(Our doom-addicted Russian contributor Comrade Aleks returns with another interview — and this time he talks with guitarist Jonathan Bates from the critically praised Dallas band Elliott’s Keep. We’ve got music from the band in here, too)
Elliott’s Keep is a strange example of an original and professional band who have stayed in the shadows despite all of their merits. This Dallas-based trio have worked in their own way, composing a tight and both epic and sinister mix of thrash, progressive, and doom metal since 2006. Their third work Nascentes Morimur was released in November 2013, and since then I have been immersed in this record, listening to it time after time. In the end, I found myself thinking that I needed to spread the word about Elliott’s Keep further, and these thoughts disturbed me until I finished this interview with Jonathan, the man with the black distorted guitar.

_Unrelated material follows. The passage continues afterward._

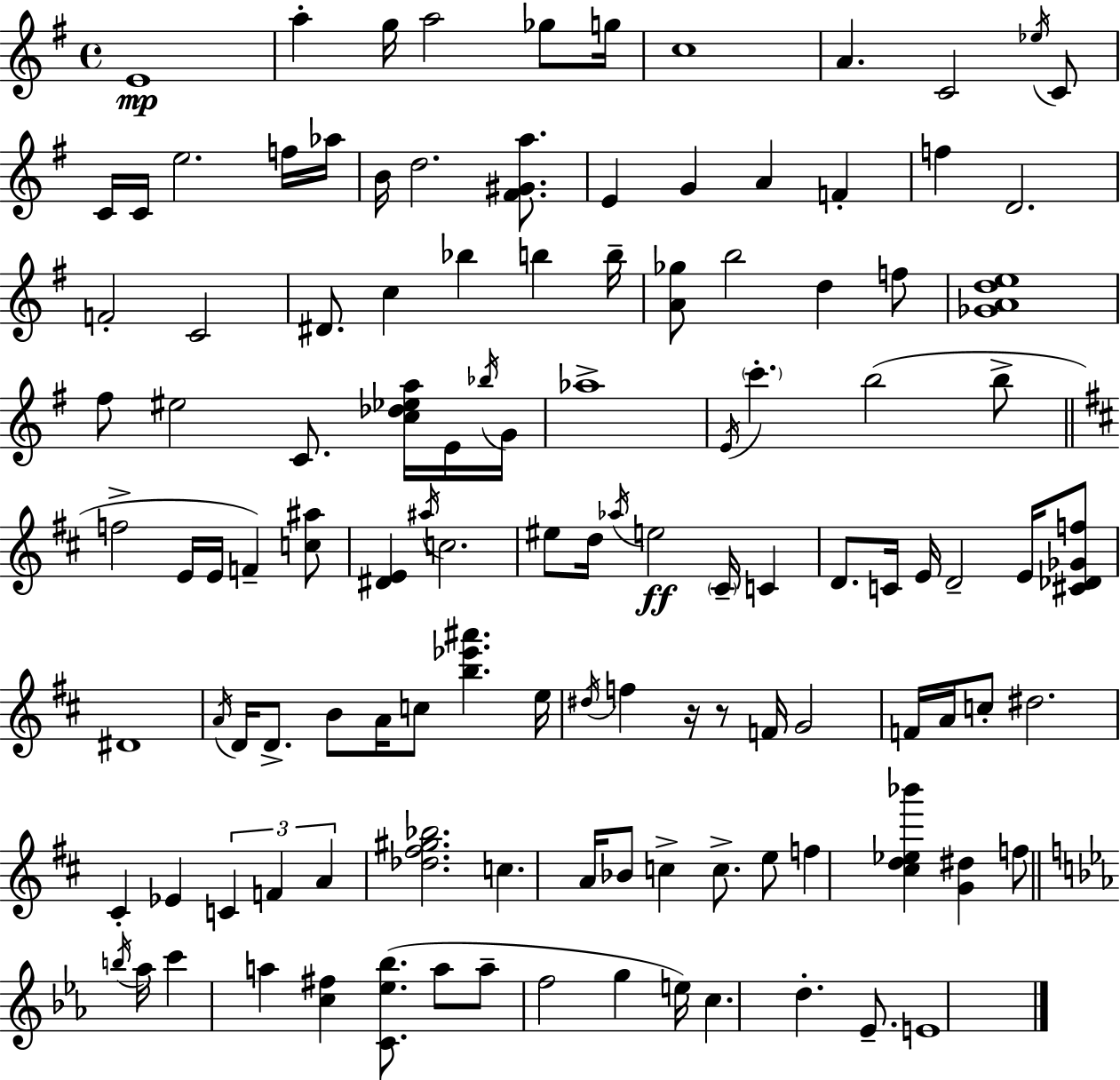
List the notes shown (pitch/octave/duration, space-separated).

E4/w A5/q G5/s A5/h Gb5/e G5/s C5/w A4/q. C4/h Eb5/s C4/e C4/s C4/s E5/h. F5/s Ab5/s B4/s D5/h. [F#4,G#4,A5]/e. E4/q G4/q A4/q F4/q F5/q D4/h. F4/h C4/h D#4/e. C5/q Bb5/q B5/q B5/s [A4,Gb5]/e B5/h D5/q F5/e [Gb4,A4,D5,E5]/w F#5/e EIS5/h C4/e. [C5,Db5,Eb5,A5]/s E4/s Bb5/s G4/s Ab5/w E4/s C6/q. B5/h B5/e F5/h E4/s E4/s F4/q [C5,A#5]/e [D#4,E4]/q A#5/s C5/h. EIS5/e D5/s Ab5/s E5/h C#4/s C4/q D4/e. C4/s E4/s D4/h E4/s [C#4,Db4,Gb4,F5]/e D#4/w A4/s D4/s D4/e. B4/e A4/s C5/e [B5,Eb6,A#6]/q. E5/s D#5/s F5/q R/s R/e F4/s G4/h F4/s A4/s C5/e D#5/h. C#4/q Eb4/q C4/q F4/q A4/q [Db5,F#5,G#5,Bb5]/h. C5/q. A4/s Bb4/e C5/q C5/e. E5/e F5/q [C#5,D5,Eb5,Bb6]/q [G4,D#5]/q F5/e B5/s Ab5/s C6/q A5/q [C5,F#5]/q [C4,Eb5,Bb5]/e. A5/e A5/e F5/h G5/q E5/s C5/q. D5/q. Eb4/e. E4/w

Hail Jonathan! The third Elliott’s Keep album Nascentes Morimur was released in November 2013. What has happened in your lives since then?
Greetings again, Aleksey! Things have settled down a bit after the busy times associated with the release of the new record. We played locally and have been starting to work on new songs.
Nascentes Morimur shows the band’s strongest sides and it took three years to write, record, and release it. Can you tell us the story of this release?
After releasing Sine Qua Non, we dealt with various life issues, including a significant vocal paresis for Ken that sidelined him in that aspect for nearly six months. We also took time to build our own practice studio, which is now a convenient and efficient asset. As we composed and polished the songs for Nascentes Morimur, the months did turn into years and, before we knew it, three years had passed. As with each of our albums, we recorded with J.T. Longoria at Nomad Studio in Dallas. That was a four-month process, through tracking, mixing, and mastering. Once that was finalized, Joel had the art ready and it was off to duplication and release.